Waiver and Release: In consideration for my or my child(ren)s participation, I hereby for myself and my child(ren) and our respective heirs and successors, promise not to sue and forever release and discharge AGA, it’s officers, directors, shareholders, employees, contractors, teachers, coaches, volunteers, and vendors performing actions on facility property, from all liability resulting in damages or injuries incurred as a result of participation in AGA programs or events, including those resulting from acts of negligence. I understand that AGA has relied upon this agreement in determining the extent of insurance coverage to be obtained, and that in the absence of this release, AGA would charge considerable higher fees to participants.

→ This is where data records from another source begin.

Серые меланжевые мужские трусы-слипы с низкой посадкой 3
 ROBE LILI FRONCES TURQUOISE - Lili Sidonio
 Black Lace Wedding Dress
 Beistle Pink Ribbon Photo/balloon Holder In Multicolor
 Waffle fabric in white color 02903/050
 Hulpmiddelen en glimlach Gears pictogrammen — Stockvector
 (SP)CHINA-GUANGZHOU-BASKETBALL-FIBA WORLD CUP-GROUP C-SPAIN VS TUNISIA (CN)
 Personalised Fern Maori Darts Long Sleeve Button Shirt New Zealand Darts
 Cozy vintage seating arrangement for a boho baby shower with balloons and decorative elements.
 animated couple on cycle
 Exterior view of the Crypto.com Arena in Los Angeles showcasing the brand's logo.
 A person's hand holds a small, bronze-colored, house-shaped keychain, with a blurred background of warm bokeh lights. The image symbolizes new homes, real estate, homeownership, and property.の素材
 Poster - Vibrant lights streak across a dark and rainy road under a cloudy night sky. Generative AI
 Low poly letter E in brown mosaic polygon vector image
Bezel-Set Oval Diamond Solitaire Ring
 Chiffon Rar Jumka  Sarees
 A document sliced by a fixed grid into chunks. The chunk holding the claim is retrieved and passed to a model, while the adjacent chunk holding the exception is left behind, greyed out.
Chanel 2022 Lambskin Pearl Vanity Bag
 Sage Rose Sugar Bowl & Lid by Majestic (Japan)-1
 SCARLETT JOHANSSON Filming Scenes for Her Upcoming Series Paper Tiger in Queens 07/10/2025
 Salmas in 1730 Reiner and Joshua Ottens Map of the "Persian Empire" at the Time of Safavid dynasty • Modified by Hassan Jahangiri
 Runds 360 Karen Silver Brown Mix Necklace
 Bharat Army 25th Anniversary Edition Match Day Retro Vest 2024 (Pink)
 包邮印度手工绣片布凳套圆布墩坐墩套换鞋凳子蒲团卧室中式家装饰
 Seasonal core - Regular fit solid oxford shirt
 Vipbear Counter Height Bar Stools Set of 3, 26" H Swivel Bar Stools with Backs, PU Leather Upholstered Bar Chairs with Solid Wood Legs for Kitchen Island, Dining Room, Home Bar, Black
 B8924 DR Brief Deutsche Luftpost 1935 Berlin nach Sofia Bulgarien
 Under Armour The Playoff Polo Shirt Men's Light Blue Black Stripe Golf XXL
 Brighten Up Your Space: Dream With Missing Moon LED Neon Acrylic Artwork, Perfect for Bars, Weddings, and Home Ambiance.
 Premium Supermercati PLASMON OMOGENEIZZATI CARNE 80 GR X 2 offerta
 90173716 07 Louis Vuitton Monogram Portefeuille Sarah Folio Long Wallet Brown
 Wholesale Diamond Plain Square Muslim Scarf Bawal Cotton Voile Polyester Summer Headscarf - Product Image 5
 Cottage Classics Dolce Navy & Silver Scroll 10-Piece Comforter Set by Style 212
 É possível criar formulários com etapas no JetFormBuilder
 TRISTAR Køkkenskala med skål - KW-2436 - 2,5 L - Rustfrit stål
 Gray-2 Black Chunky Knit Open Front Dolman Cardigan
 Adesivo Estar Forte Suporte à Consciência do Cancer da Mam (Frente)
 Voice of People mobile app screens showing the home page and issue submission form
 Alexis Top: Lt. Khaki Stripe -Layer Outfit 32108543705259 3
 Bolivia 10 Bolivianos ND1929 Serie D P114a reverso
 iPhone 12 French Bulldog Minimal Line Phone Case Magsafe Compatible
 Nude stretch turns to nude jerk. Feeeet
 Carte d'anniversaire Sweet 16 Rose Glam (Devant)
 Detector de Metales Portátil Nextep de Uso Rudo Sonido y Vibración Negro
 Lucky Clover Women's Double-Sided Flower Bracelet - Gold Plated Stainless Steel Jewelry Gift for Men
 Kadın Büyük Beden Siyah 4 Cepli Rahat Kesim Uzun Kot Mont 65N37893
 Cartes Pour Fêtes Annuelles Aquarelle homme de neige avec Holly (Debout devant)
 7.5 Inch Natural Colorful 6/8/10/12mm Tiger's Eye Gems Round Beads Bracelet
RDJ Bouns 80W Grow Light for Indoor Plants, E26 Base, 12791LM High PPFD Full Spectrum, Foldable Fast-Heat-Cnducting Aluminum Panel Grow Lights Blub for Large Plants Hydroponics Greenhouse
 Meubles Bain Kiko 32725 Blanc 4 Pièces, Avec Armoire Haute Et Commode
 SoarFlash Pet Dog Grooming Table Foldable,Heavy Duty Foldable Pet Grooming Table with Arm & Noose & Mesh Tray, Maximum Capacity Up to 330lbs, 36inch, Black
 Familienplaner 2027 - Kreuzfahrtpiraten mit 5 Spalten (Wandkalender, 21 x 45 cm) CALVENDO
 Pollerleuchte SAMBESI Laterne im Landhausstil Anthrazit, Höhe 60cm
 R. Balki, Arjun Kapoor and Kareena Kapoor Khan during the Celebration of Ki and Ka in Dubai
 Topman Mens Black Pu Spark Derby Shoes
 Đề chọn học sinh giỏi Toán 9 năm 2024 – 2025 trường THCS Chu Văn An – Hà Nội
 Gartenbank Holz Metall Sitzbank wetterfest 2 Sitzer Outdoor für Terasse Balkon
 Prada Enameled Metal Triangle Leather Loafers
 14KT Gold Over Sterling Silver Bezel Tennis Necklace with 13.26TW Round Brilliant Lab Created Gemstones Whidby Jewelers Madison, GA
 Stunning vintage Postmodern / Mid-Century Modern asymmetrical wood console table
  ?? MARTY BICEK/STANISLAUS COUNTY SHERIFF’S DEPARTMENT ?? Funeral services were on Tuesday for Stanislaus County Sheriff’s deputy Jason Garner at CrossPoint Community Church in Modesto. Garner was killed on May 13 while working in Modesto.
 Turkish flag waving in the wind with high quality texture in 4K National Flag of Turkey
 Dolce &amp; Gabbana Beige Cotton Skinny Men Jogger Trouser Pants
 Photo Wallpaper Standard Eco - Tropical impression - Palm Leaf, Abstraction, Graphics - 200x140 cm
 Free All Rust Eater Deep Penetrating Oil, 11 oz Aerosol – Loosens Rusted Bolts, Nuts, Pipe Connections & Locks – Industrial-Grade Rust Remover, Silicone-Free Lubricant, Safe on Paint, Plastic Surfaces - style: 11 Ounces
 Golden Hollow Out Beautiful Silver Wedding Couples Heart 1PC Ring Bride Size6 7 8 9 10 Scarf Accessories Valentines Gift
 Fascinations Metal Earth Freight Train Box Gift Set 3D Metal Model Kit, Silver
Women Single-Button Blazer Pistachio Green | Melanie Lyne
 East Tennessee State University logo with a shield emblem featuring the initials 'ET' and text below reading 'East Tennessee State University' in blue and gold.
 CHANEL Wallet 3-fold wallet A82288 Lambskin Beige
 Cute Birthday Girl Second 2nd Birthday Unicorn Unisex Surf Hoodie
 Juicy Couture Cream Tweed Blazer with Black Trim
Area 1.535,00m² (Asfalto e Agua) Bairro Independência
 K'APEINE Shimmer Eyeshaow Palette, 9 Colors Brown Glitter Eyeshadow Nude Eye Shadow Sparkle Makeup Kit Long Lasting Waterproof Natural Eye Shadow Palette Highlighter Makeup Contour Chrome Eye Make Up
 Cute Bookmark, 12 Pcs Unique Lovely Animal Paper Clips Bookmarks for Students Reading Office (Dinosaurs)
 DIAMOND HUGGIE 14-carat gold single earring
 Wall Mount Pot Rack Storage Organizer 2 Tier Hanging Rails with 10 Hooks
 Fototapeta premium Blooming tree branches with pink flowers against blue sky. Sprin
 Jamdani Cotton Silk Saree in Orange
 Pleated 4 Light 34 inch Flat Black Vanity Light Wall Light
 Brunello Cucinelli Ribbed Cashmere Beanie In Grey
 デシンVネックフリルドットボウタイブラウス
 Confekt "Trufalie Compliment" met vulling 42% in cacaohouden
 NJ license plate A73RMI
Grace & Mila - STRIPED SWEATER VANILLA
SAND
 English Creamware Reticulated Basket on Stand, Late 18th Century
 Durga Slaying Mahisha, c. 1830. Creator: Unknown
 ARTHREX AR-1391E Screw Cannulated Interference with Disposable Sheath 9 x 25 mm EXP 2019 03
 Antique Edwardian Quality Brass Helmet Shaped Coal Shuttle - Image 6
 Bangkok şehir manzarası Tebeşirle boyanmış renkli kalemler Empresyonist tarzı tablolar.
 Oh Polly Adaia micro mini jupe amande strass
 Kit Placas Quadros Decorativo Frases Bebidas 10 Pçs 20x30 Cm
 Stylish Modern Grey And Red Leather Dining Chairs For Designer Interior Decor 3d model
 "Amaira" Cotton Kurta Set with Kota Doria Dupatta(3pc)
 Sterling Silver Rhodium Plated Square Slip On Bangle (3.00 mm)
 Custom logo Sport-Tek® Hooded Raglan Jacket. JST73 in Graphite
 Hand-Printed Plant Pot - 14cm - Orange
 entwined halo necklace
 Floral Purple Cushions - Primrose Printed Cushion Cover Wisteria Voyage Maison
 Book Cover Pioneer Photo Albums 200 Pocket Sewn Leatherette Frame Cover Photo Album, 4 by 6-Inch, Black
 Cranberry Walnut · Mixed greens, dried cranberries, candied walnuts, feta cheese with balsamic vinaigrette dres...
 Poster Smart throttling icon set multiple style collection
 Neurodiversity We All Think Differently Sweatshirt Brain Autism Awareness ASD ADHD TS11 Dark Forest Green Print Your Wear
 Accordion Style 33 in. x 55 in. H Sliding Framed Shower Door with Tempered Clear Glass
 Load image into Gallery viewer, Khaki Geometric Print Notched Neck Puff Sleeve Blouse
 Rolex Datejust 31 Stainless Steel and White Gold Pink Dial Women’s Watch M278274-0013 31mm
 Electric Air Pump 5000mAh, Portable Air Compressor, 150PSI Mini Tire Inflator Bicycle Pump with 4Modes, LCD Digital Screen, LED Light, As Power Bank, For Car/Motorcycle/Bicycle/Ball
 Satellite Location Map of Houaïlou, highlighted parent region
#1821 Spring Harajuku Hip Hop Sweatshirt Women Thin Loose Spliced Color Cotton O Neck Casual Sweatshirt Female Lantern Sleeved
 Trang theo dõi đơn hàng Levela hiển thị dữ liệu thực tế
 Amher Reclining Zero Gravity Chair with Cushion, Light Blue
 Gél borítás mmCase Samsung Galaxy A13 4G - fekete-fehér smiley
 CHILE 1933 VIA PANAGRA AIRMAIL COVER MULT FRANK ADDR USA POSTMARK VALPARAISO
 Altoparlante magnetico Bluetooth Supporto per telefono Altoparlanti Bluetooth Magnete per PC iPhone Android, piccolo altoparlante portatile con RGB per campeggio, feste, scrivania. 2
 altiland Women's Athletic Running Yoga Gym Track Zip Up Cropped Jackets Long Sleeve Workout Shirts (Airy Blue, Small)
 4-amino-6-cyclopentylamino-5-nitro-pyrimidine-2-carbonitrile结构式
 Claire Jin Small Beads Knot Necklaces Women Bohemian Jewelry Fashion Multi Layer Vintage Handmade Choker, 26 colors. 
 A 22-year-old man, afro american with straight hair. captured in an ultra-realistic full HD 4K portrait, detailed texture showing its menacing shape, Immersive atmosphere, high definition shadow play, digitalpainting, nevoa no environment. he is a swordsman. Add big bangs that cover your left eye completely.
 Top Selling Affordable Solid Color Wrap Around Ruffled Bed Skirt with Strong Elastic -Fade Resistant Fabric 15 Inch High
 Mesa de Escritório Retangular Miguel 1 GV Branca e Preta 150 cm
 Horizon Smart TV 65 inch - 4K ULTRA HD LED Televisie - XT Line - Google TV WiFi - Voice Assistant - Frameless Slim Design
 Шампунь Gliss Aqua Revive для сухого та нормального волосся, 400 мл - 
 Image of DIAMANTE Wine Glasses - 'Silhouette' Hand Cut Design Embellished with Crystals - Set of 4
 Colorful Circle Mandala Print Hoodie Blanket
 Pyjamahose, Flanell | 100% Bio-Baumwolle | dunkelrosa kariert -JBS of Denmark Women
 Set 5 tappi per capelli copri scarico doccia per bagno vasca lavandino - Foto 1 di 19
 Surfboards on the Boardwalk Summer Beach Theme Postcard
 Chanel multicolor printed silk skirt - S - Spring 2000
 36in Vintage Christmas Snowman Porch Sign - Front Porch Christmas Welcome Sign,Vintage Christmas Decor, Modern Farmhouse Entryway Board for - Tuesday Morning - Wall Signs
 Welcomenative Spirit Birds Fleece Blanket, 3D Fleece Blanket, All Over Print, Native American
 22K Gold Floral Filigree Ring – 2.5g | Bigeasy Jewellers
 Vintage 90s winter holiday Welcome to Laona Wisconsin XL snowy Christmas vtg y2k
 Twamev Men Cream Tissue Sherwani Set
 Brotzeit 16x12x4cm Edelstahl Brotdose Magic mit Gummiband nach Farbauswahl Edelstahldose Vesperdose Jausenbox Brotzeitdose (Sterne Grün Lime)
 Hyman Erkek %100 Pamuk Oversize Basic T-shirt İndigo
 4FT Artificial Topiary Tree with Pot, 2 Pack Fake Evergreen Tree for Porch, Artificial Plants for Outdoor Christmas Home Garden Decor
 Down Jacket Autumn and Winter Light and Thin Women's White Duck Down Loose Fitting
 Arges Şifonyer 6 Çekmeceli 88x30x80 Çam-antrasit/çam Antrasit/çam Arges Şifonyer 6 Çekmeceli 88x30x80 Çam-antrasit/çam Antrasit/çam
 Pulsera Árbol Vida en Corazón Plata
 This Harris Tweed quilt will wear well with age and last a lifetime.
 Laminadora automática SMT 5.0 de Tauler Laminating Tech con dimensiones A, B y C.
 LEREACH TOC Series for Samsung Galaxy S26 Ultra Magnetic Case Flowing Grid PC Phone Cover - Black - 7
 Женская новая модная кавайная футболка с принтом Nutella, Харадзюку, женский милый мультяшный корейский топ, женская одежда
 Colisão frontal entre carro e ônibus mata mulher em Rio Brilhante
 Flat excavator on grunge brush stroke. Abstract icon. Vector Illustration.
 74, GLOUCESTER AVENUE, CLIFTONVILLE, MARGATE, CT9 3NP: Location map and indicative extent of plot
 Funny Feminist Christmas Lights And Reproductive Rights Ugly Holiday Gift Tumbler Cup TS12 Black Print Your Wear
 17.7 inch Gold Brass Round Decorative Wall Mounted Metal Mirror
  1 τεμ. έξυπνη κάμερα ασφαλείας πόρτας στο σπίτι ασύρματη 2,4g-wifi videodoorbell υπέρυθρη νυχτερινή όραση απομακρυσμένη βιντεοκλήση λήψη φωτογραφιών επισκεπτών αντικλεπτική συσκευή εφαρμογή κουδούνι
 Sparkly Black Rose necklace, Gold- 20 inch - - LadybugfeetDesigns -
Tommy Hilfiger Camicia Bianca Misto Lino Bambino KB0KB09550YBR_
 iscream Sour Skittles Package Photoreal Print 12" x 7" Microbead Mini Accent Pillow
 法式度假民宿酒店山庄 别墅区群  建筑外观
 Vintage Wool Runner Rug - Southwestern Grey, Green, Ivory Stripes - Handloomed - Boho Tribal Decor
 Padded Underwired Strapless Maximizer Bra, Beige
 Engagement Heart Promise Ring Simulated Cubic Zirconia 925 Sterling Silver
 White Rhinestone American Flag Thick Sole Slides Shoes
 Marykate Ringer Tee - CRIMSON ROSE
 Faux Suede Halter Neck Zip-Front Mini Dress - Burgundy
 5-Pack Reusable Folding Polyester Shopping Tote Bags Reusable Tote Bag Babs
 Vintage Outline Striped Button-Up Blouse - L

I further represent and acknowledge that, should I ever believe that any of the above representations become untrue, or if I should ever believe that the Activity is not safe or is no longer safe for my child, or that I am unwilling to follow the published rules and policies, that it will be my responsibility to remove my child from the activity.
I have read this release and understand its terms. I understand that by accepting this release, I am giving up substantial rights. I execute it voluntarily and with full knowledge of its significance.